Therefore, for each six minute interval of time which has elapsed, the
tenth of an hour counter 53 and totalizer circuit 50 are incremented by a
tenth of an hour or six minutes. As discussed above, when the tenth of an
hour counter 53 received ten six minute pulses, a pulse is transmitted to
the accumulator 54 which count in hour units.

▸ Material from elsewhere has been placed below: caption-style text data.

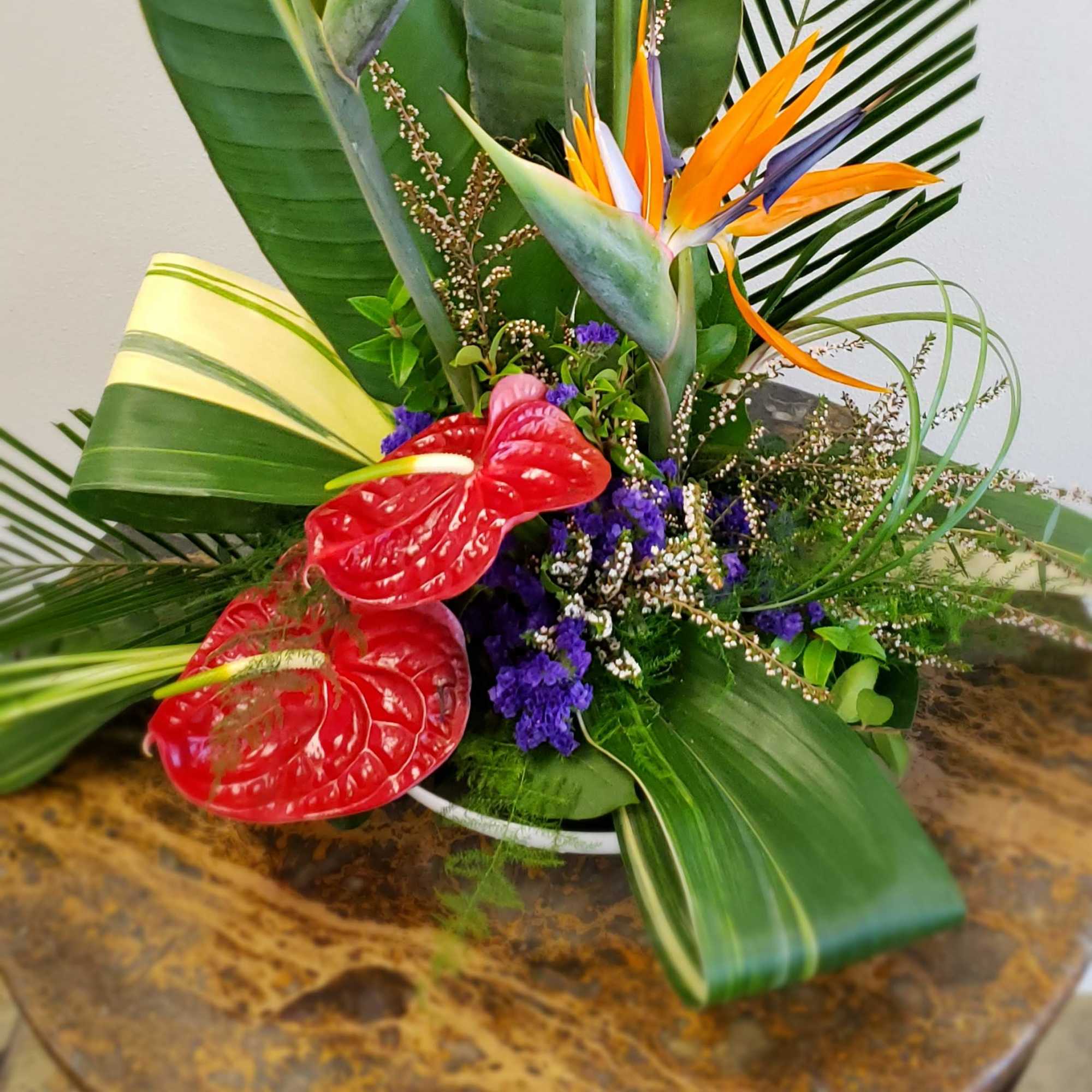 Pull them into paradise with a flower bouquet of tropical blooms that Pull them into paradise with a flower bouquet of tropical blooms that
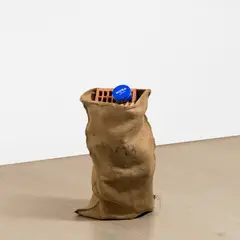 Georg Herold, Untitled, 1998, Nivea tin, bricks and sack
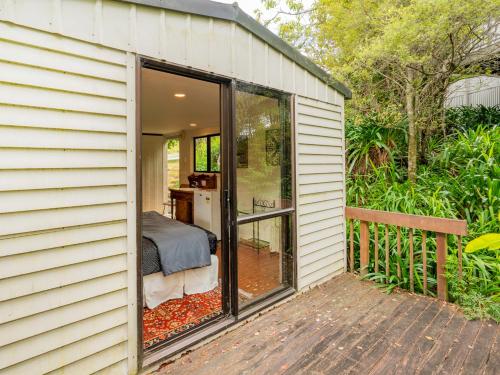 a small house with a bedroom and sliding glass doors at At Cathedral Cove - Hahei Holiday Home in Hahei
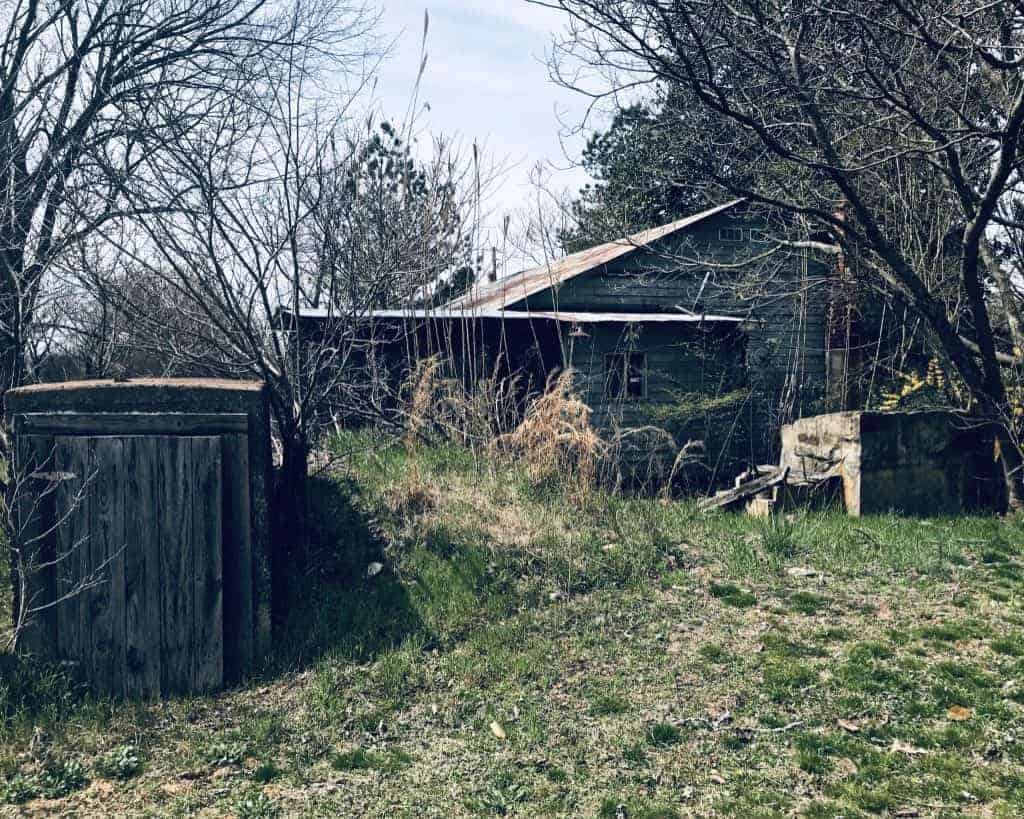 Storm cellar and well at old homestead in Arkansas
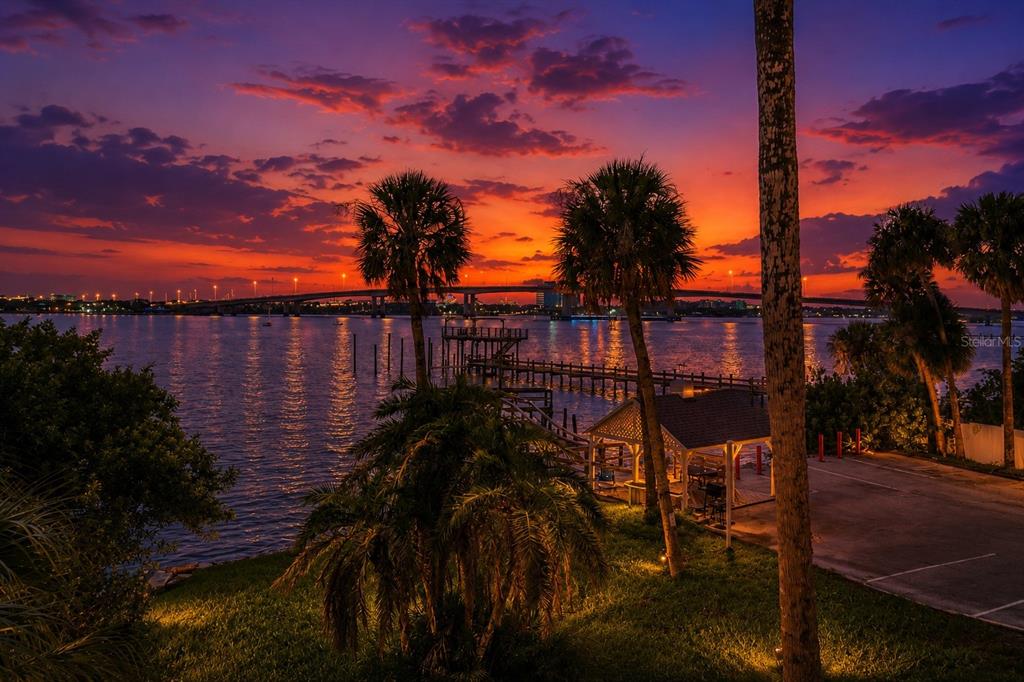 A sunset view over a bay with a bridge, a wooden pier, and palm trees — 900 S PENINSULA DRIVE UNIT 214, DAYTONA BEACH, FL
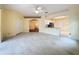 Spacious living area features tile flooring and an arched entry way at 2209 Stonebridge Way, Clermont, FL 34711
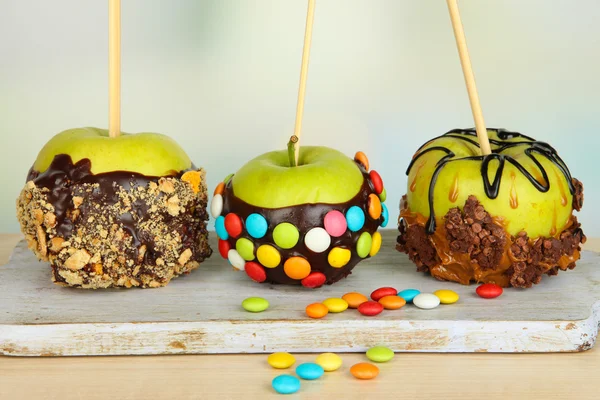Candied apples on sticks on bright background — Stock Photo, Image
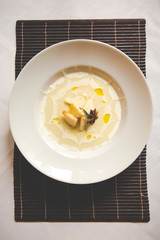 Smashed Potatoes in white plate and star anice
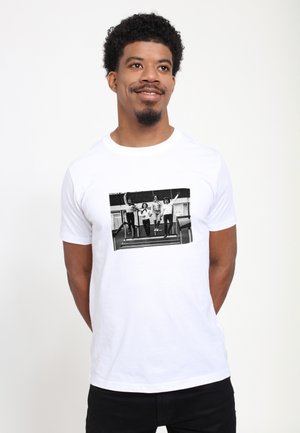 Mann trägt weißes T-Shirt mit schwarz-weißem Foto von vier Personen, die auf einer Treppe springen und freudig posieren.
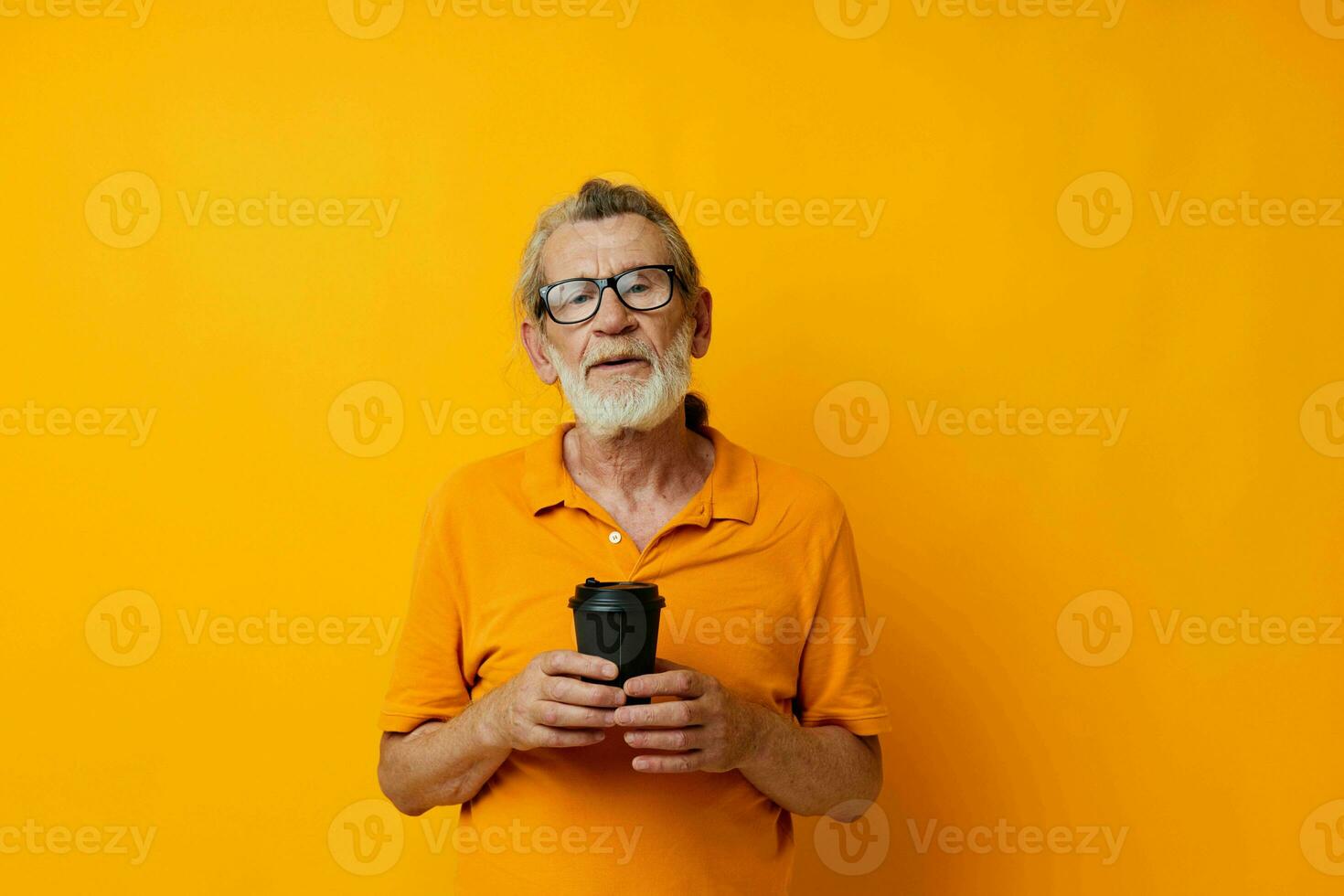 Portrait elderly man with black disposable cup yellow background photo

Because the lamp service life does not expire linearly with time, a
non-linear approach must be taken to determine the lamp usage value for
each time period the lamp is energized. The lamp usage value for each time
period the lamp is energized is determined by assigning a first time
dependent value for each time unit of a first predetermined time segment
of the time period that the lamp is energized. In the preferred
embodiment, the timer via the totalizer circuit 50 and the tenth of an
hour counter 53 records a tenth of an hour of expired lamp service life
for each three minute time period which actually elapses for the first
hour the lamp is energized. Therefore, the totalizer circuit 50 and tenth
of an hour countereach record twice the amount of time which actually
elapses for the first hour. In addition, the accumulator 54 also records
twice the amount of time which actually elapses for the first hour via the
tenth of an hour counter 53.
A second time dependent value is assigned for each time segment of a second
predetermined time segment after expiration of the first time segment that
the lamp is energized. In the preferred embodiment, no time is recorded by
either the totalizer circuit 50 the tenth of an hour counter 53 or the
accumulator 54 during the second hour the lamp is energized reflecting
that no service life of the lamp has expired for the second hour of lamp
use.
A third time dependent value is assigned for each time unit of the time
period that the lamp is energized beyond the expiration of the second time
segment. In the preferred embodiment, the totalizer circuit 50 and the
tenth of an hour counter 53 each record a tenth of an hour of lamp life
expiration for each tenth of an hour which actually elapses, i.e., time is
recorded linearly. Once the tenth of an hour counter 53 receives ten six
minute pulses, a pulse is transmitted to the accumulator 54 which counts
in one hour units. The time is recorded linearly after the second hour the
lamp is energized until the lamp is no longer energized. If the lamp is no
longer energized and then re-energized at a later time, the time recording
process repeats itself. It is to be understood by those skilled in the art
that the timing process does not have to extend beyond two hours but can
be any suitable time period, and further the timing process is restarted
regardless of when the lamp is no longer energized.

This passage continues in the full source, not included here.